╭─ LISTED RECORDS

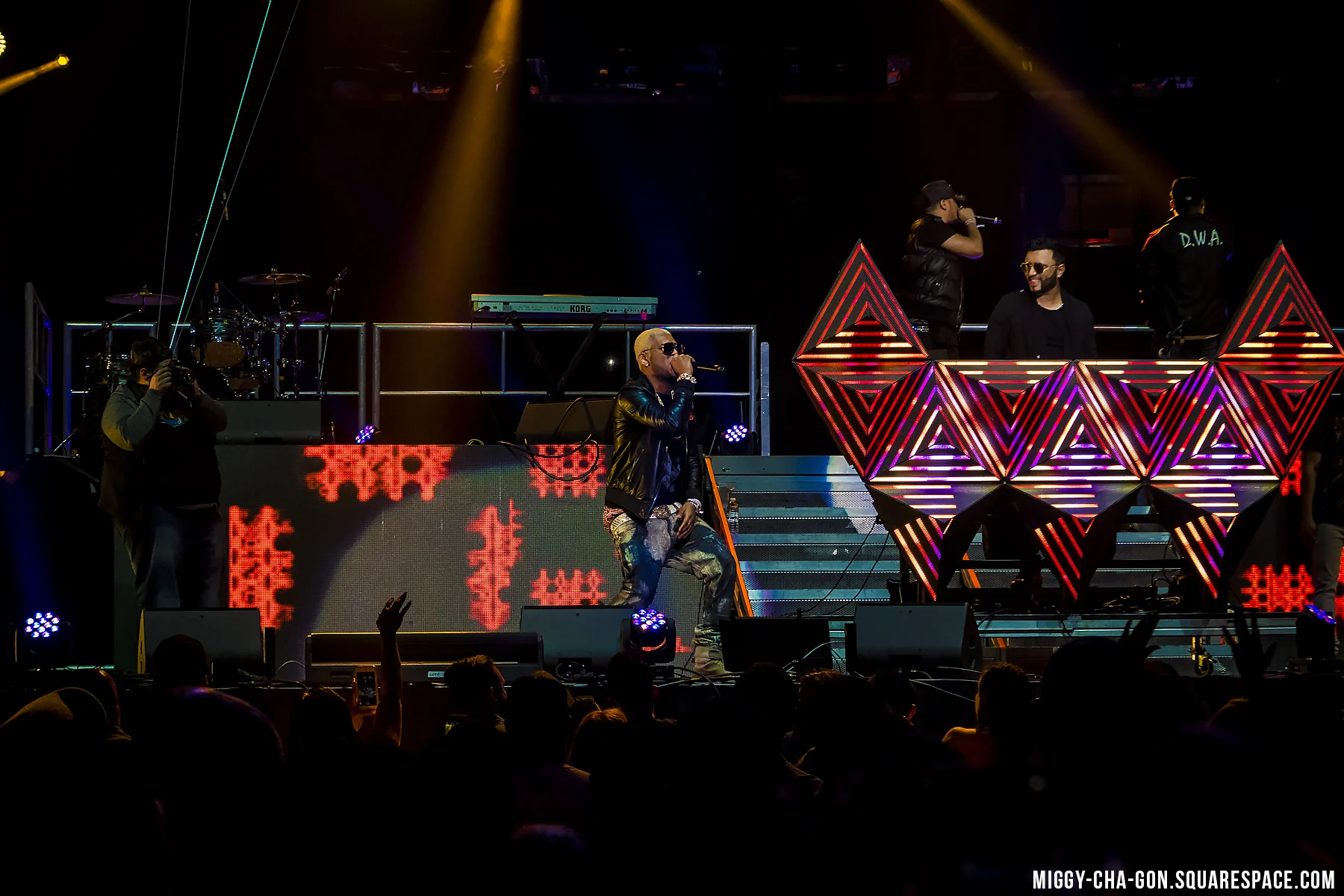 IMG_0299 copy.jpg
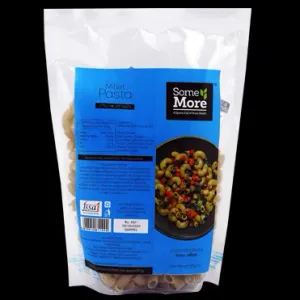 SOME MORE SAMAI / LITTLEMILLET PASTA 180GMS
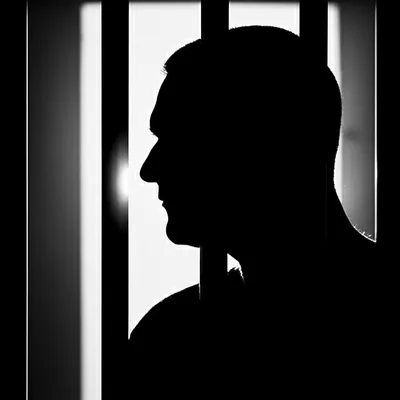 Illustration punishments - Image 1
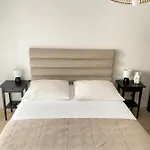 Apartment Studio Apartments M&N *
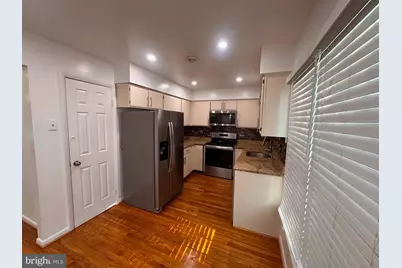 12224 Dapple Gray Court, Woodbridge, VA 22192 - Photo 22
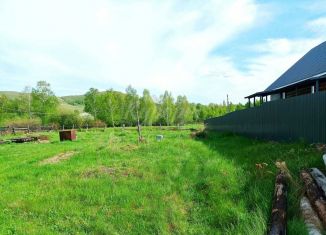 Продается земельный участок, 15 сот., деревня Геологоразведка, улица Строителей, 2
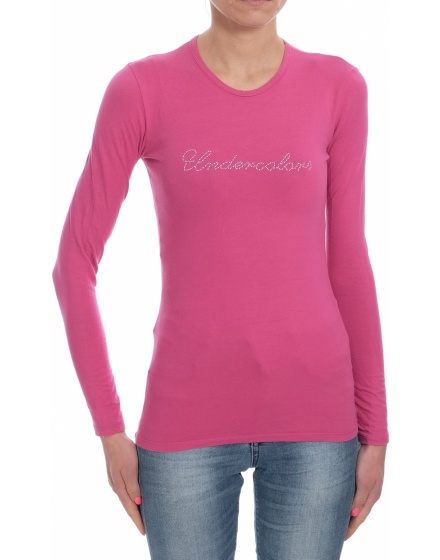 Дамска блуза Benetton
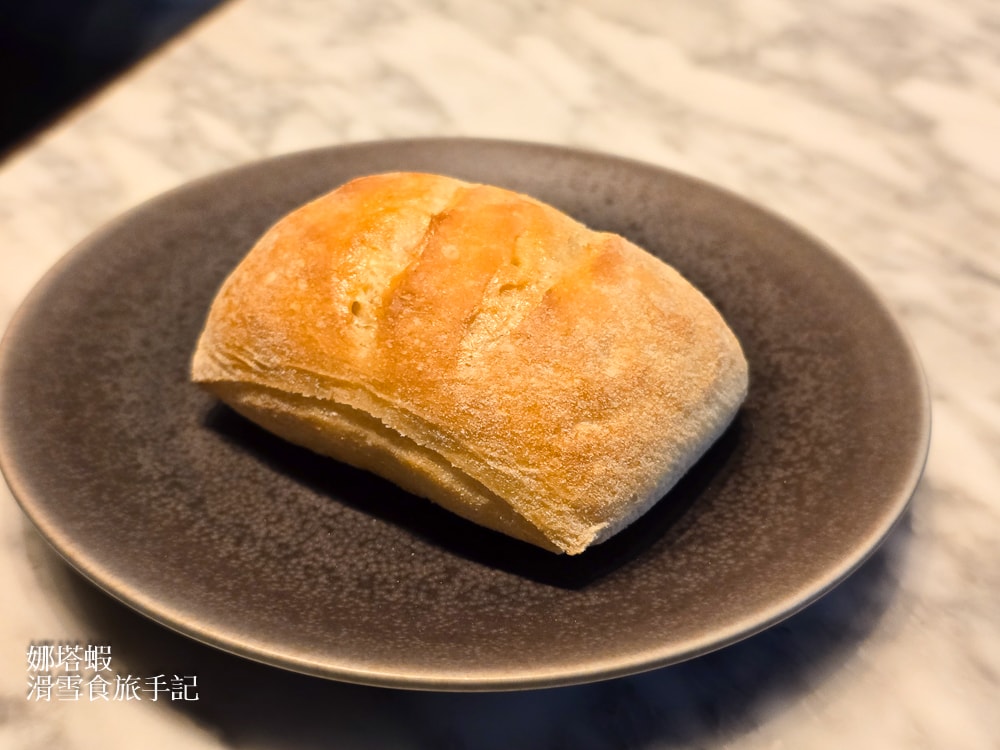 東京表參道_GENTLE Dining ＆ Sushi Bar_優美庭園餐廳_平日午餐很划算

╰─

* [WHAT IS NEEDED]
Take the line containing "Apartment Studio Apartments M&N *" as the first line and the last line of the data above as the final one, and output exactly the lines between them, inclusive, with no pictures.

* [ANSWER FOR THE TASK]
 Apartment Studio Apartments M&N *
 12224 Dapple Gray Court, Woodbridge, VA 22192 - Photo 22
 Продается земельный участок, 15 сот., деревня Геологоразведка, улица Строителей, 2
 Дамска блуза Benetton
 東京表參道_GENTLE Dining ＆ Sushi Bar_優美庭園餐廳_平日午餐很划算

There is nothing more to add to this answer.